* [WHAT NEEDS TO BE DONE]: Please transcribe exactly the lines from the first line of the records below through the line containing "Abani Contemporary Blue", including both, and omit all pictures.

* [DATASET CONTENT]:
········

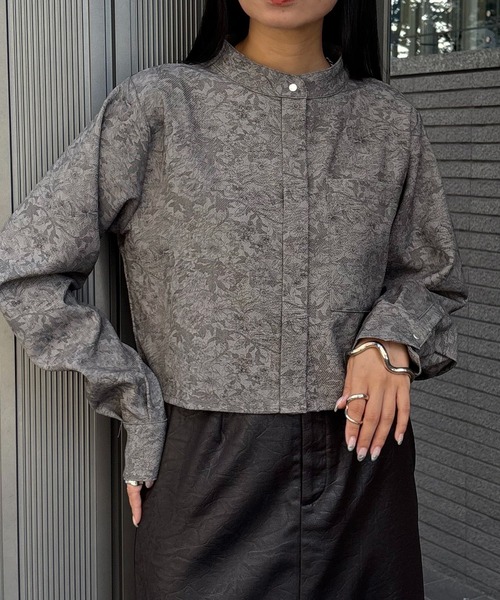 &g'aime(アンジェム)の「【&g'aime 】花柄ショートSH Floral Short Shirt(シャツ/ブラウス・レディース・ブラック/グレー・FREE)」の14枚目の写真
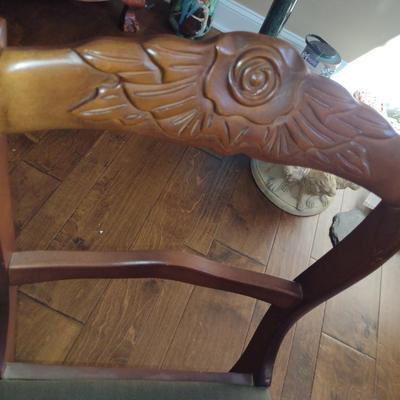 Vintage Wood Framed Chair with Needlepoint Seat- Approx 17" Wide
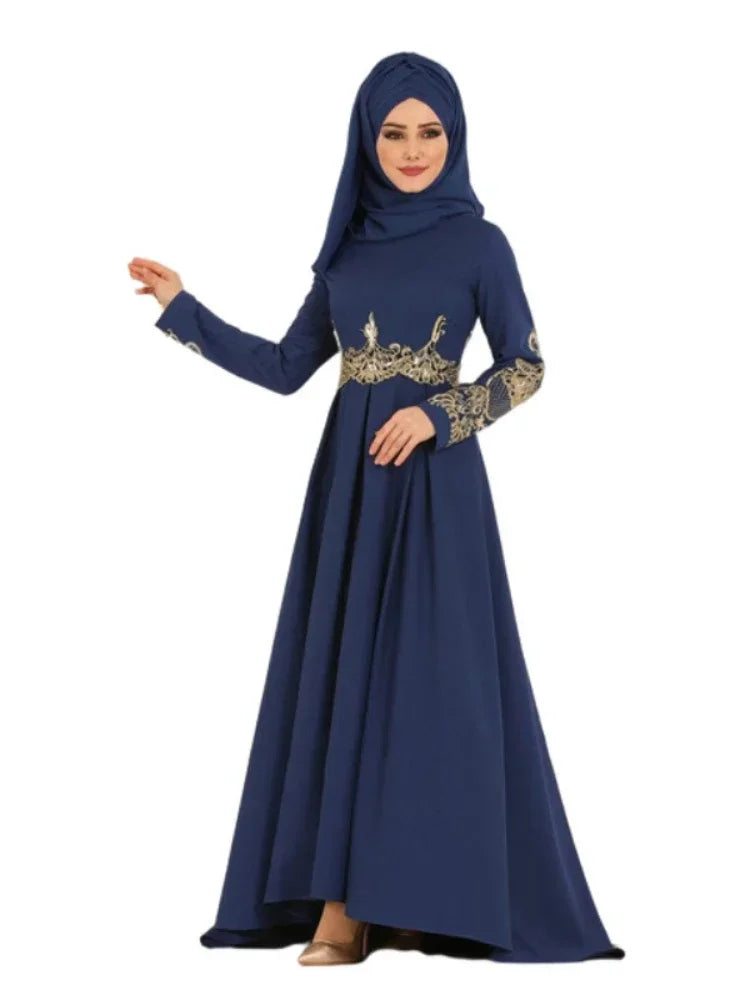 New In Women Dress NO Scarf Elegant Muslim Islam Abaya Embroidered Elastic Falbala High Waist Slim Party Robe Swing Robe Dresses Blue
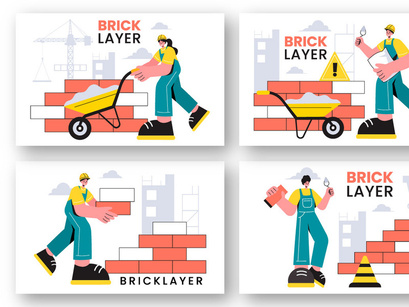 9 Bricklayer Worker Illustration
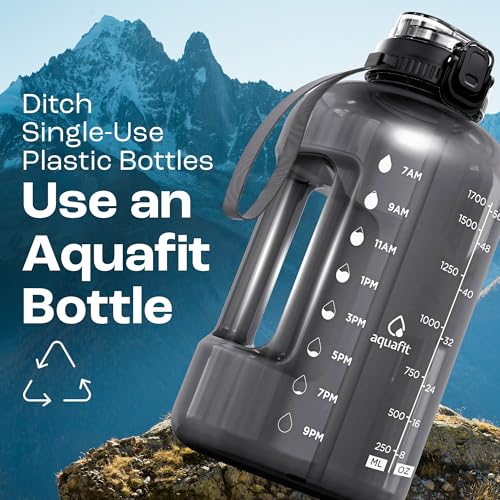 Image of AQUAFIT Half Gallon Water Bottle with Time Marker - Straw & Chug Lid - BPA Free Gym Water Bottle with Straw - Big Gallon Jug (Gray, 64 oz - 2in1 Lid)
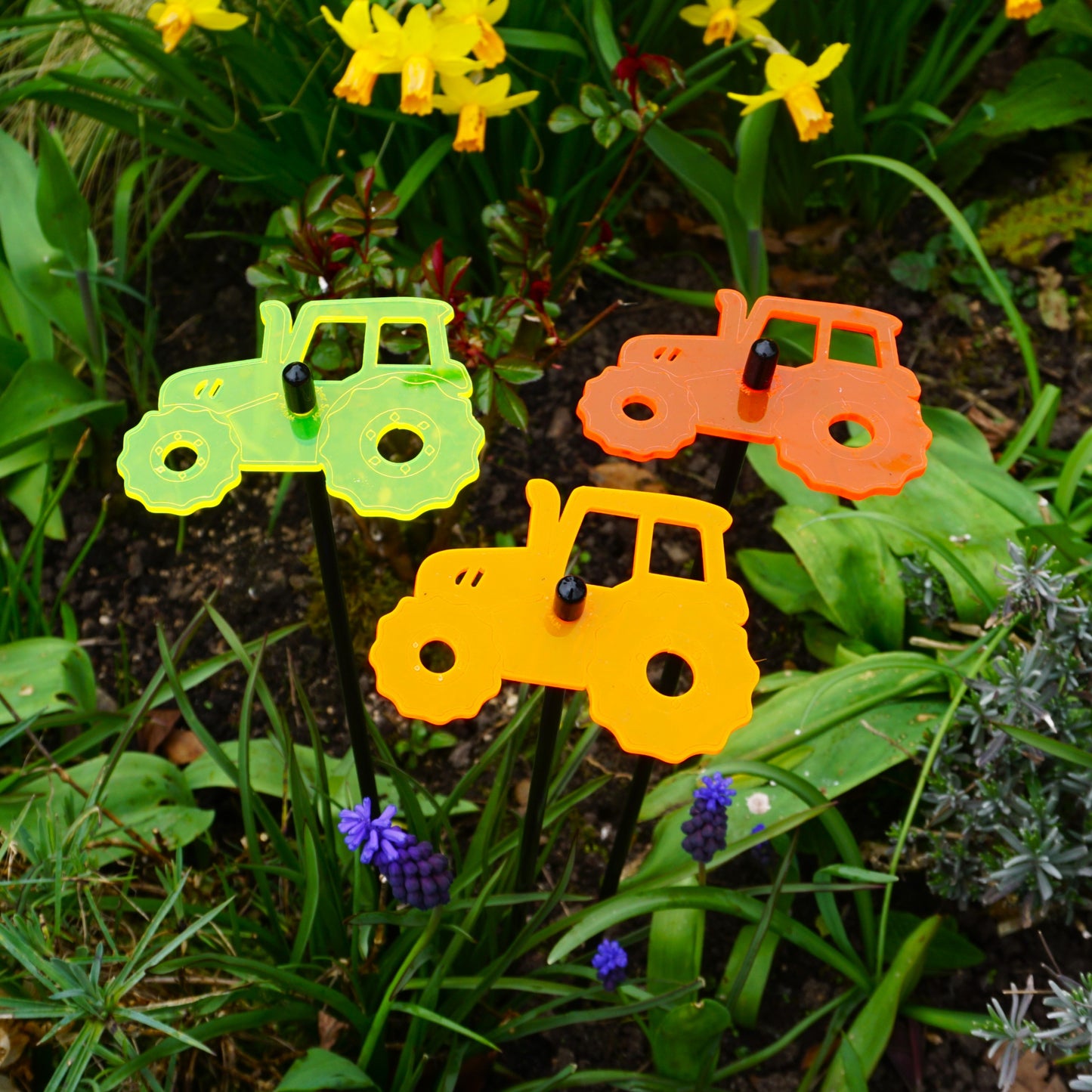 Set of 3 Glowing Medium Tractors SunCatcher Garden Decor Stakes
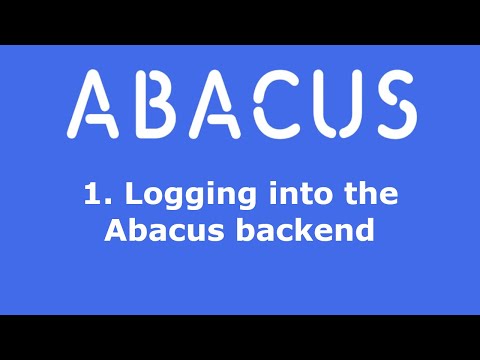 1. Logging into the Abacus backend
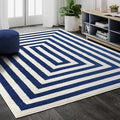 Abani Contemporary Blue & Ivory 5'3" x 7'6"(5'x8') Area Rug, Contrasting Geometric Modern Stripe Symmetrical Living Room Carpet Rugs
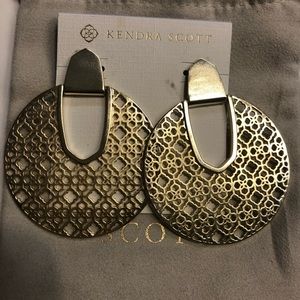 KS Diane Gold Statement Earrings In Gold Filigree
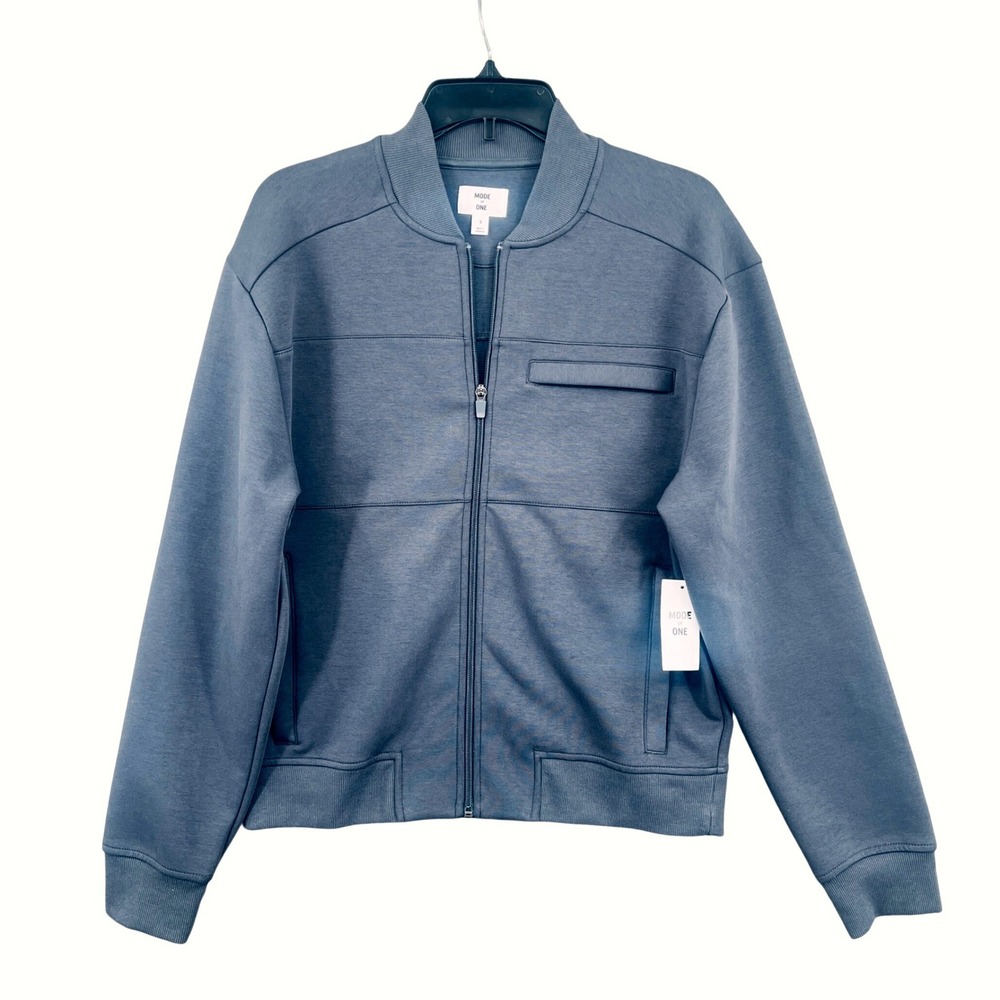 Mode of One Mens Fleece Wall Bomber Track‎ Jacket Ebony Grey S NWT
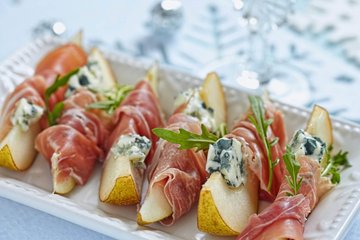 Receta Peras con gorgonzola y jamón curado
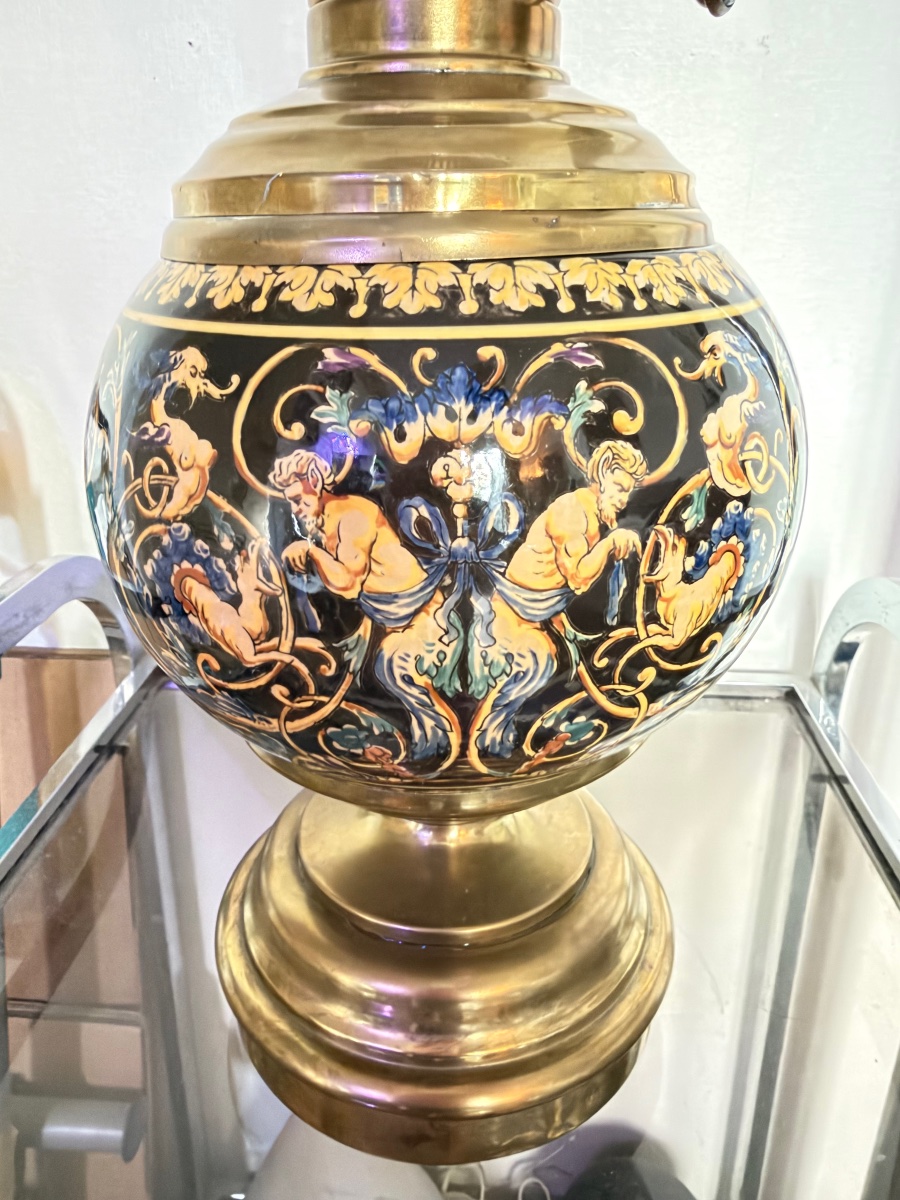 19th-century Gien Earthenware Kerosene Lamp-photo-2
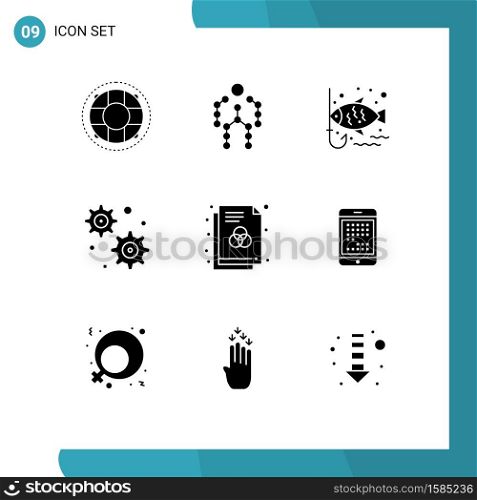 User Interface Pack of 9 Basic Solid Glyphs of format, business, human, gear setting, hook Editable Vector Design Elements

········

* [OUTPUT OF THE EXERCISE]:
 &g'aime(アンジェム)の「【&g'aime 】花柄ショートSH Floral Short Shirt(シャツ/ブラウス・レディース・ブラック/グレー・FREE)」の14枚目の写真
 Vintage Wood Framed Chair with Needlepoint Seat- Approx 17" Wide
 New In Women Dress NO Scarf Elegant Muslim Islam Abaya Embroidered Elastic Falbala High Waist Slim Party Robe Swing Robe Dresses Blue
 9 Bricklayer Worker Illustration
 Image of AQUAFIT Half Gallon Water Bottle with Time Marker - Straw & Chug Lid - BPA Free Gym Water Bottle with Straw - Big Gallon Jug (Gray, 64 oz - 2in1 Lid)
 Set of 3 Glowing Medium Tractors SunCatcher Garden Decor Stakes
 1. Logging into the Abacus backend
 Abani Contemporary Blue & Ivory 5'3" x 7'6"(5'x8') Area Rug, Contrasting Geometric Modern Stripe Symmetrical Living Room Carpet Rugs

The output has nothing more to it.